Smartphones have become a social lifeline to a growing number of individuals. They incessantly check their Facebook and Twitter feeds, along with a host of other websites, to see what their acquaintances are doing at any given moment.

School officials across the country have tried to ensure that such behavior does not disrupt the learning process. There is a time to peruse social media websites to catch up on what friends are up to, but there also is a time to put the devices down and concentrate on academic studies.

Watertown High School was one of the schools that banned students from using their cellphones during the day. Like other schools with similar prohibitions, WHS wants young people to focus on the educational basics in the classroom.

But after repeated complaints from students, officials at WHS recently announced a change in policy. They’ve set up zones in the school where cellphones may be used.

Students may use their cellphones in yellow (classrooms and library, with the permission of supervising staff members) and green (cafeteria) zones. They are prohibited from using cellphones in red zones (hallways, bathrooms, lunch lines and locker rooms) and still cannot take photographs or record videos with them.

This is actually a sensible compromise. While the over-usage of digital devices is harmful for some, school officials recognized that this is a fact of life for a new generation.

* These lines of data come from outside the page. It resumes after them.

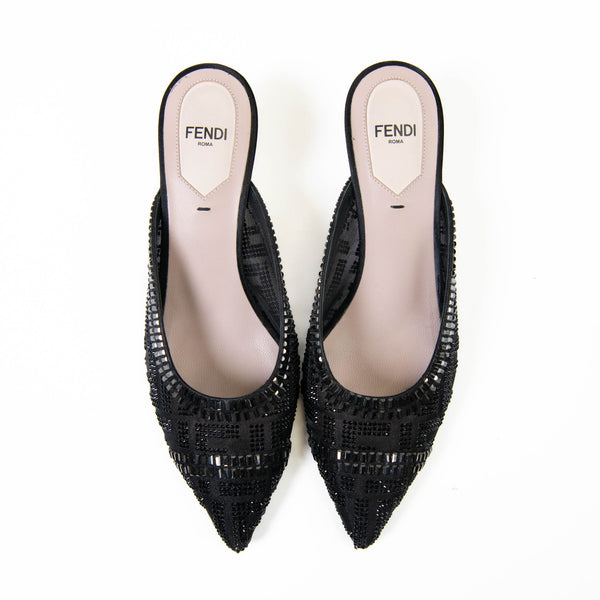 Fendi Black Mesh Crystal Embellished Pointed Toe Mules 36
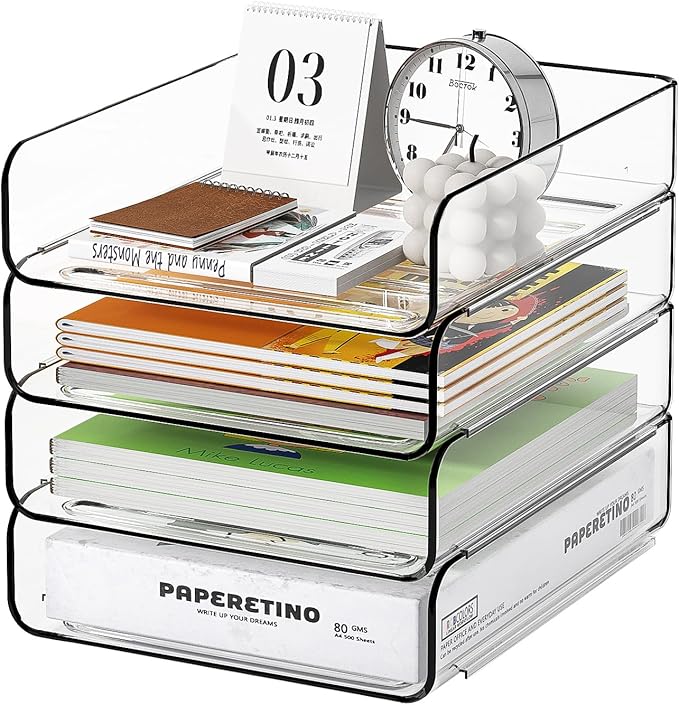 FANXIYQ 4-Tier Acrylic Paper Tray Organizer | Clear Stackable Desk Organizer for Documents, Letters, A4 Paper | Modern Office/Classroom/Home Organization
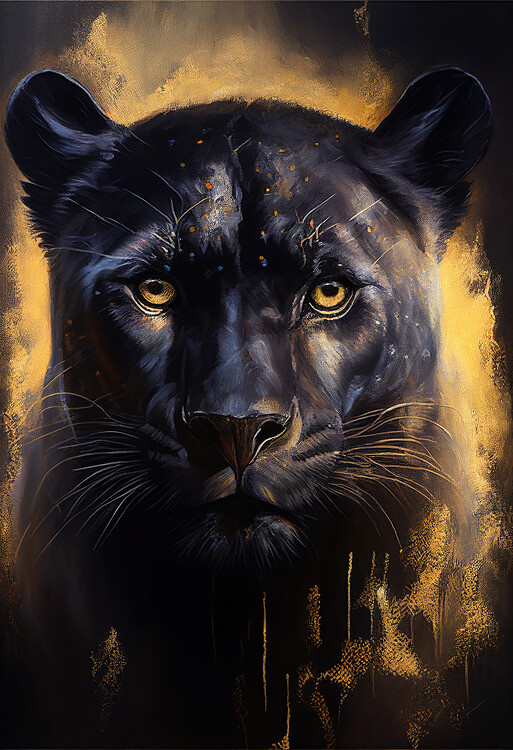 Poster Panther Golden Background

In loosening the reins somewhat, school officials have challenged students to act responsibly. If they can work within the parameters of the new policy, cellphone use in the school will be permitted.

This is a good way to help students become more mature by respecting these new limits. It also will allow staff members to teach students how to differentiate between useful sources of information on the Internet from the rest of the junk floating around cyberspace.

As the primary function any school is to help young people develop critical-thinking skills, WHS officials should be open to opportunities available to use this policy and lead students to a greater understanding of themselves and the world around us. Many people use digital media to disengage from others, and perhaps school policies such as this can reverse that trend.